[WHAT THE TASK REQUIRES]: Print each entry as it appears. Images stay out of the copy.

*** Block opens ***

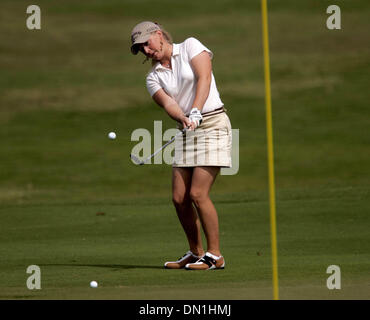 18 févr., 2006 ; Kahuku, HI, USA ; la troisième et dernière journée où Morgan Pressel fait concurrence au SBS Open at Turtle Bay Resort, qui a eu lieu sur la Côte-Nord à Kahuku, Hawaii. Ici, elle jetons sur le vert sur le 3e trou. Crédit obligatoire : Photo par Libby Volgyes/Palm Beach Post/ZUMA Press. (©) Copyright 2006 par Palm Beach Post Banque D'Images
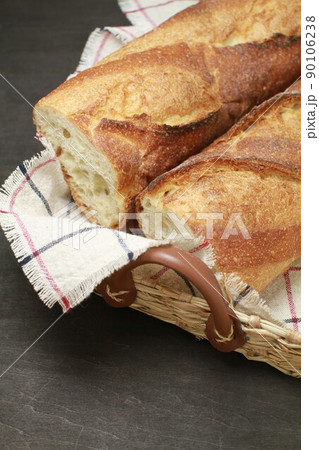 フランスパン、かご入り 90106238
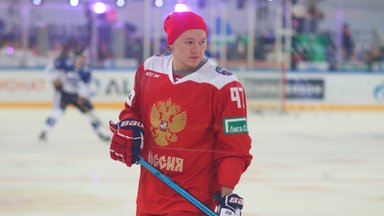 Российскому хоккеисту дважды отказали во въезде в США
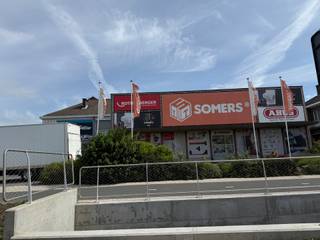Emplacement exceptionnel en bord de la très fréquentée Woluwelaan à Machelen. Ce bâtiment multifonctionnel offre de nombreuses possibilités aux entreprises à la recherche d'un établissement bien accessible et bien visible.<br /><br />Le bien comprend :<br />• Bâtiment principal : ± 1.600 m²<br />• Entrepôt : 320 m²<br />• Parking : 380 m²<br />• Surface totale : ± 2.300 m²<br /><br />Le bâtiment est partiellement à rénover, ce qui offre la possibilité d'aménager le bien entièrement selon vos besoins et votre identité visuelle.<br />Loyer : 18.000 € / mois<br />Prix de vente : sur demande<br /><br />Intéressé(e) ou besoin de plus d'informations ? N'hésitez pas à nous contacter au 02.462.32.00.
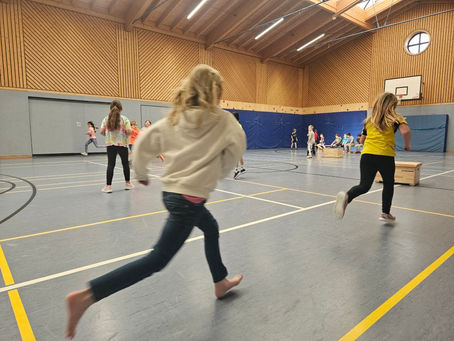 SportProjekt: Klassen treten beim Brennball gegeneinander an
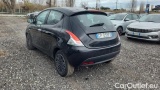  Lancia  Ypsilon 1.0 FireFly 70cv Hybrid Silver Plus #3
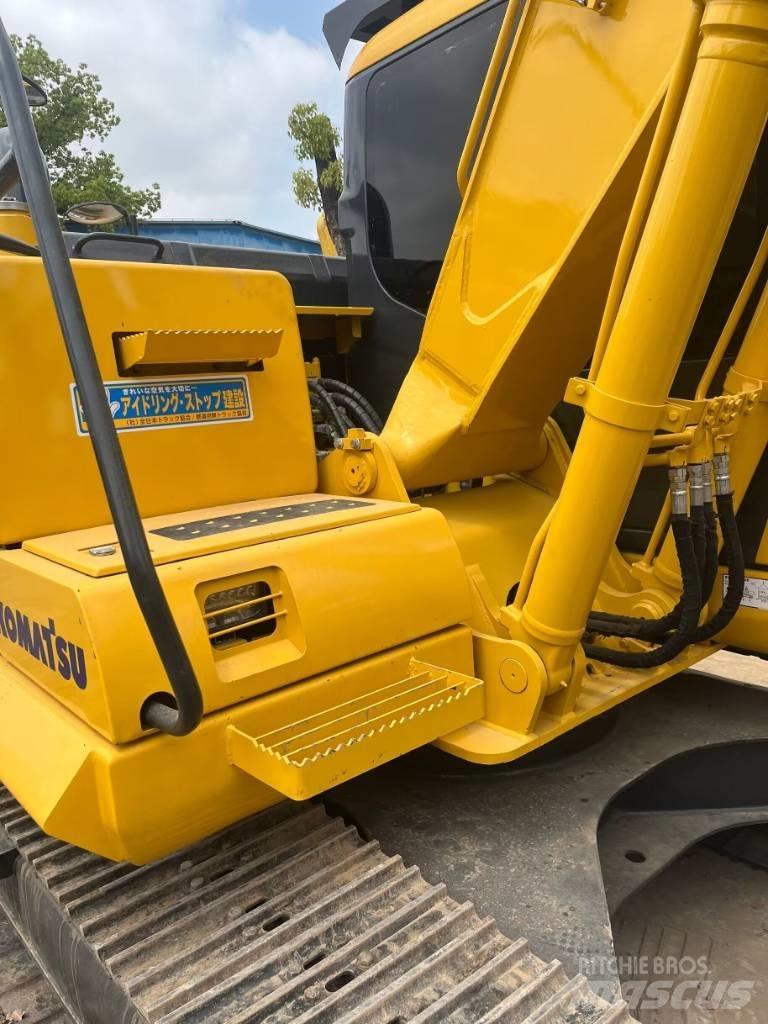 Komatsu PC130 Εκσκαφείς με ερπύστριες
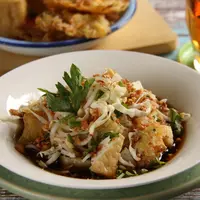 ilustrasi kupat tahu/Ariyani Tedjo/Shutterstock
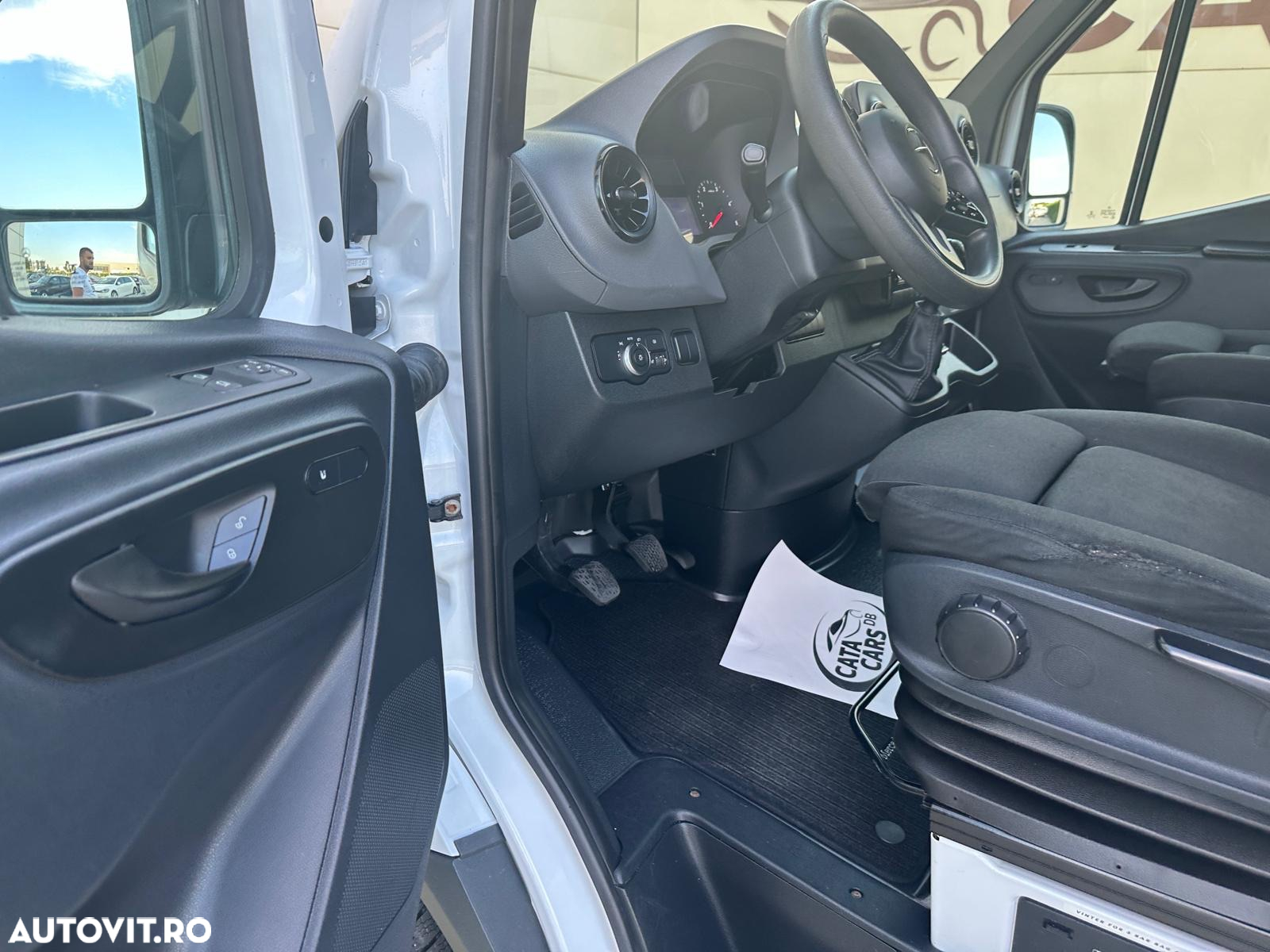 Mercedes-Benz Sprinter 316CDI MEDIU - 32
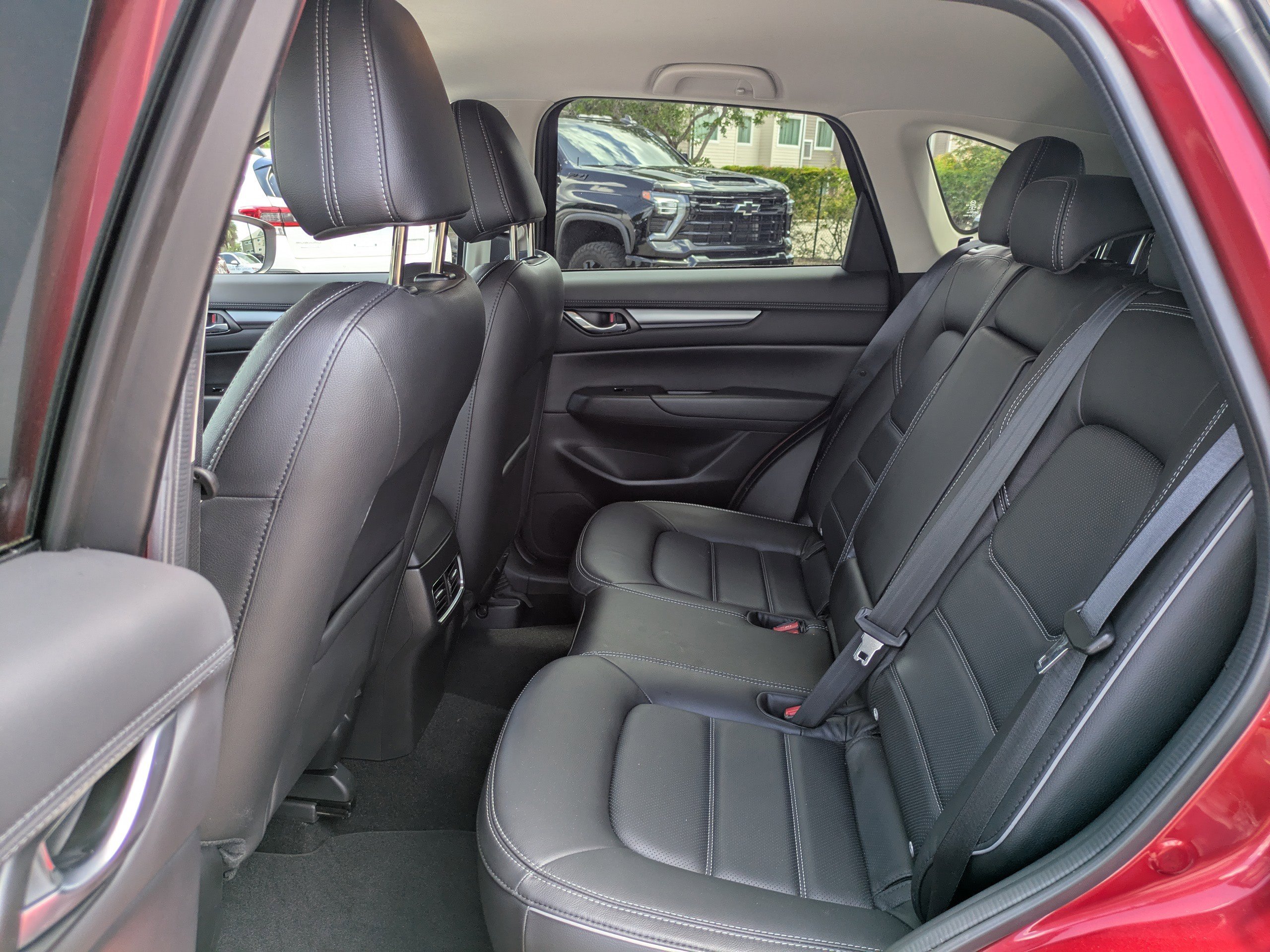 Used 2025 MAZDA CX-5 AWD 2.5 S w/ Preferred Package image 13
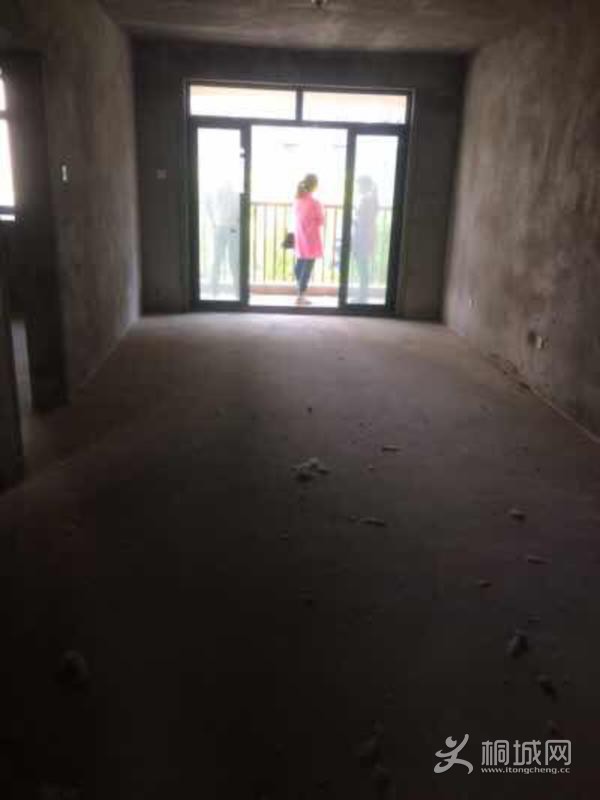 House_fb3b6b90-2255-47a9-b0a5-59d5bfc5473b_big.jpg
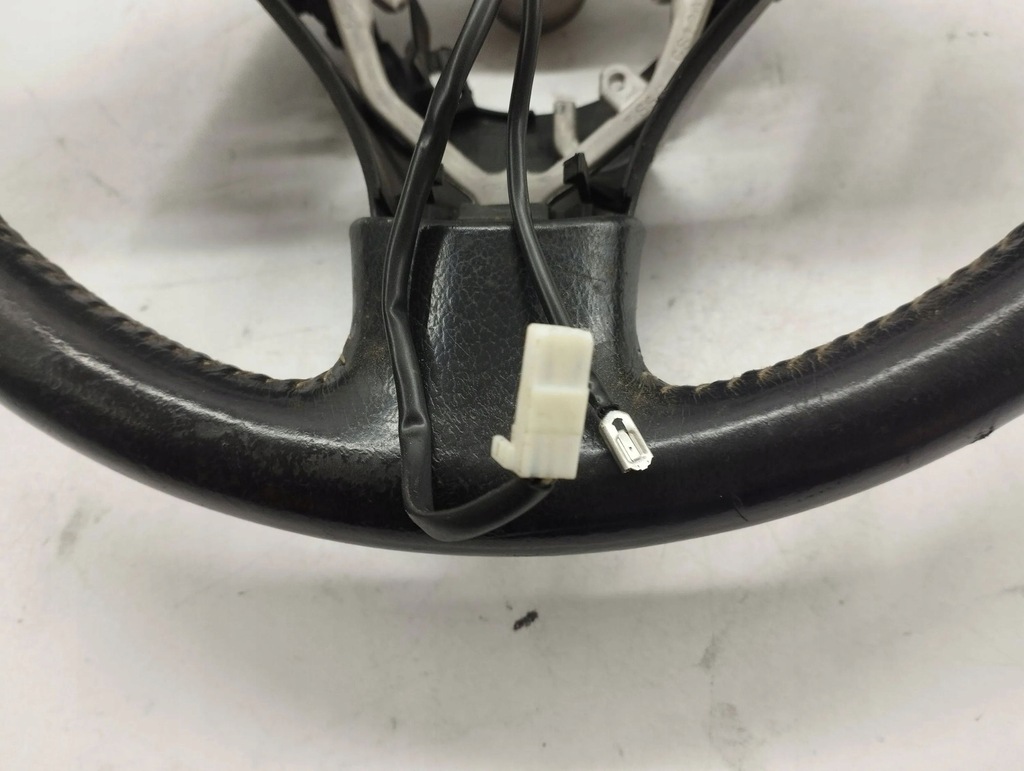 фото №10, Toyota corolla verso ar10 2006 руль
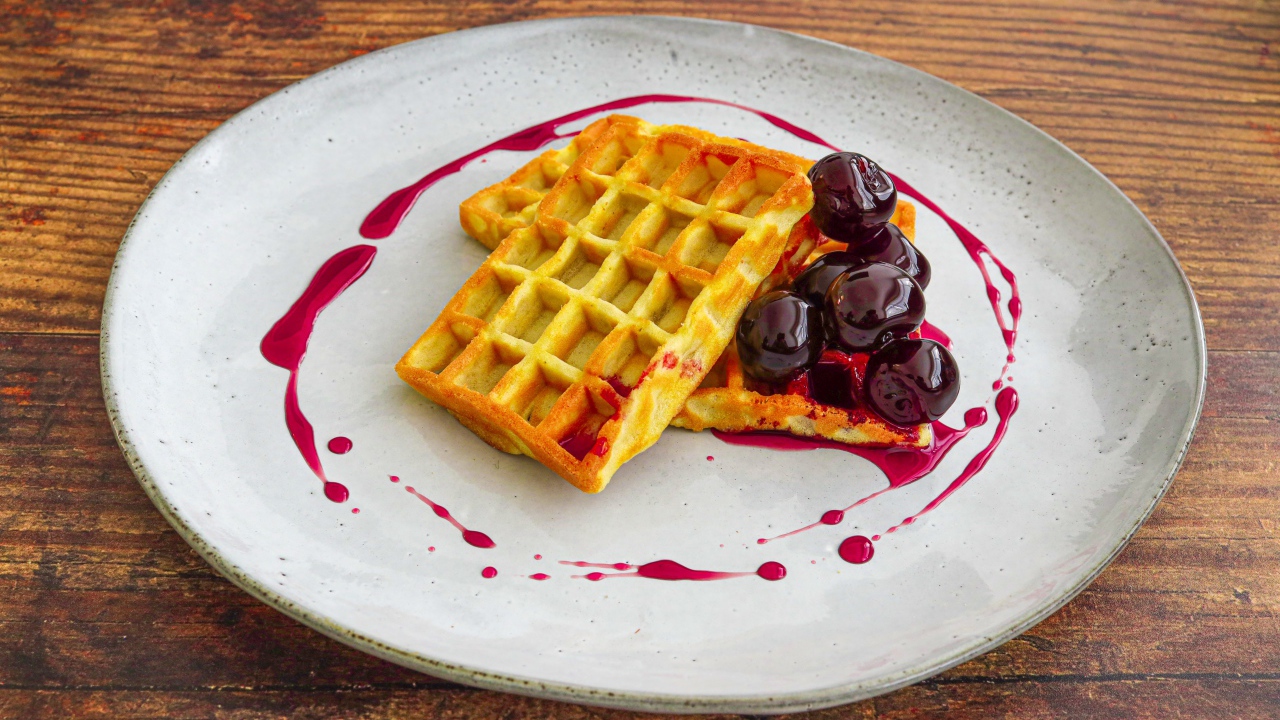 Аппетитные сладкие вафли с вишневым вареньем 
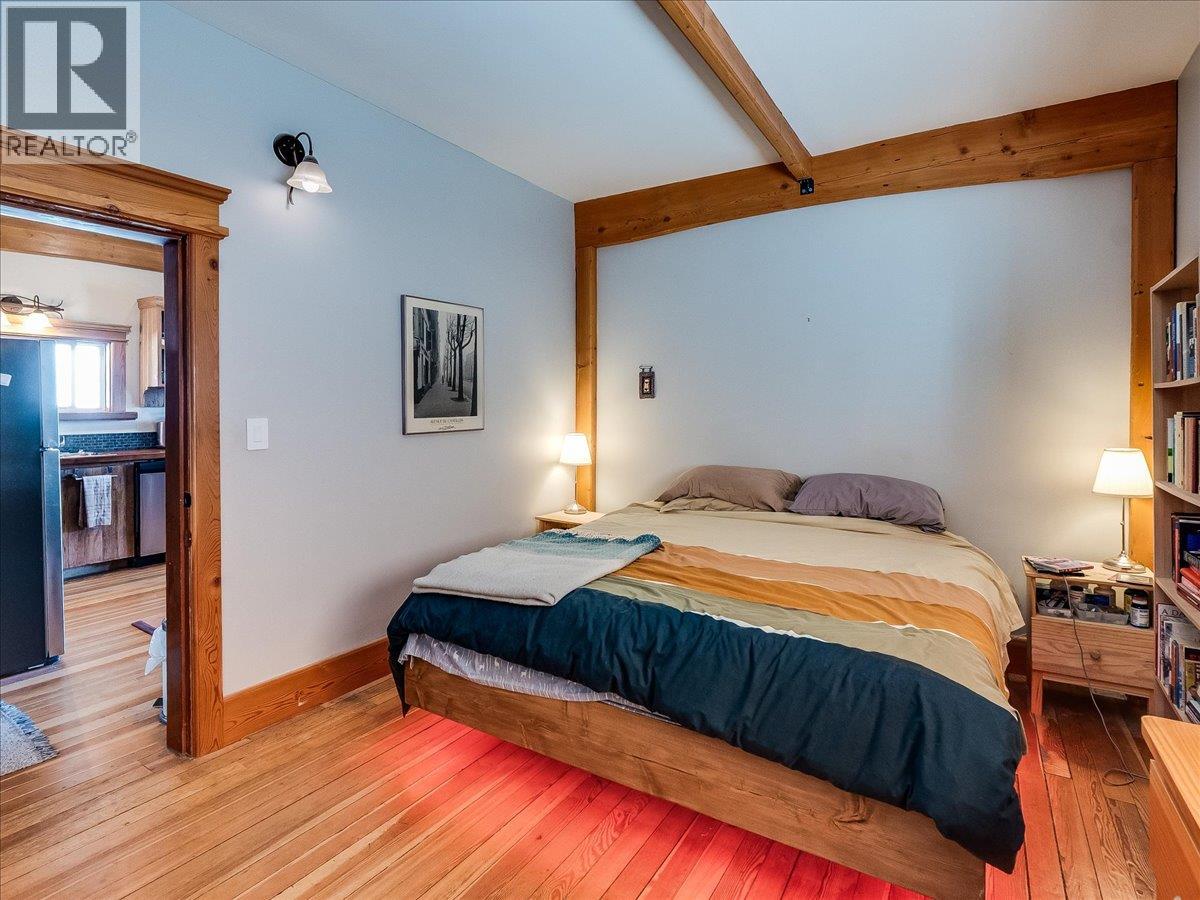 1876 PLANER CRESCENT - 18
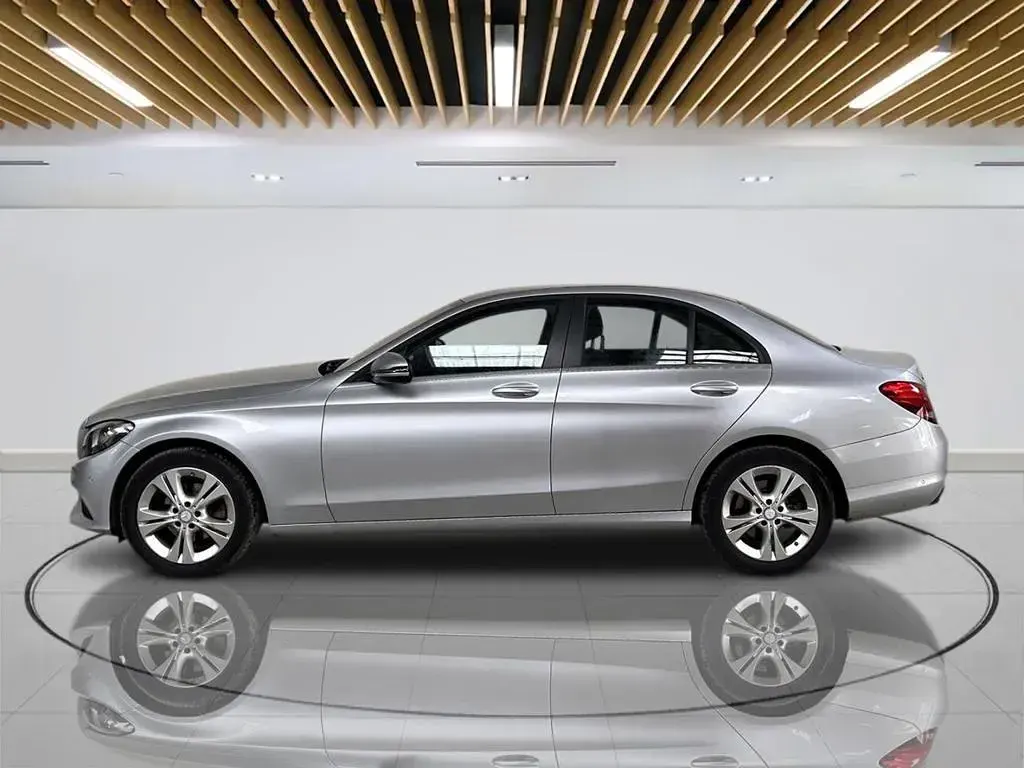 Used Mercedes C200 Executive 136 HP (100 kW) 2017 Silver Sedan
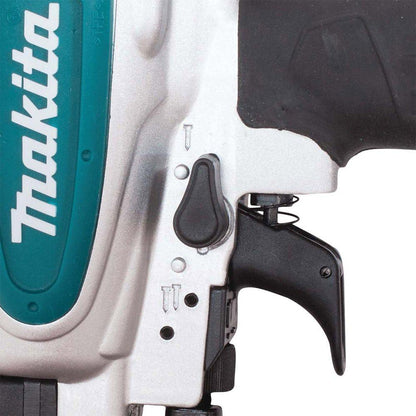 MAKITA 13-38mm 6000 Series 18ga Narrow Crown Air Stapler AT638A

*** Block closes ***

[ANSWER FOR THE TASK]:
 18 févr., 2006 ; Kahuku, HI, USA ; la troisième et dernière journée où Morgan Pressel fait concurrence au SBS Open at Turtle Bay Resort, qui a eu lieu sur la Côte-Nord à Kahuku, Hawaii. Ici, elle jetons sur le vert sur le 3e trou. Crédit obligatoire : Photo par Libby Volgyes/Palm Beach Post/ZUMA Press. (©) Copyright 2006 par Palm Beach Post Banque D'Images
 フランスパン、かご入り 90106238
 Российскому хоккеисту дважды отказали во въезде в США
Emplacement exceptionnel en bord de la très fréquentée Woluwelaan à Machelen. Ce bâtiment multifonctionnel offre de nombreuses possibilités aux entreprises à la recherche d'un établissement bien accessible et bien visible.<br /><br />Le bien comprend :<br />• Bâtiment principal : ± 1.600 m²<br />• Entrepôt : 320 m²<br />• Parking : 380 m²<br />• Surface totale : ± 2.300 m²<br /><br />Le bâtiment est partiellement à rénover, ce qui offre la possibilité d'aménager le bien entièrement selon vos besoins et votre identité visuelle.<br />Loyer : 18.000 € / mois<br />Prix de vente : sur demande<br /><br />Intéressé(e) ou besoin de plus d'informations ? N'hésitez pas à nous contacter au 02.462.32.00.
 SportProjekt: Klassen treten beim Brennball gegeneinander an
  Lancia  Ypsilon 1.0 FireFly 70cv Hybrid Silver Plus #3
 Komatsu PC130 Εκσκαφείς με ερπύστριες
 ilustrasi kupat tahu/Ariyani Tedjo/Shutterstock
 Mercedes-Benz Sprinter 316CDI MEDIU - 32
 Used 2025 MAZDA CX-5 AWD 2.5 S w/ Preferred Package image 13
 House_fb3b6b90-2255-47a9-b0a5-59d5bfc5473b_big.jpg
 фото №10, Toyota corolla verso ar10 2006 руль
 Аппетитные сладкие вафли с вишневым вареньем 
 1876 PLANER CRESCENT - 18
 Used Mercedes C200 Executive 136 HP (100 kW) 2017 Silver Sedan
 MAKITA 13-38mm 6000 Series 18ga Narrow Crown Air Stapler AT638A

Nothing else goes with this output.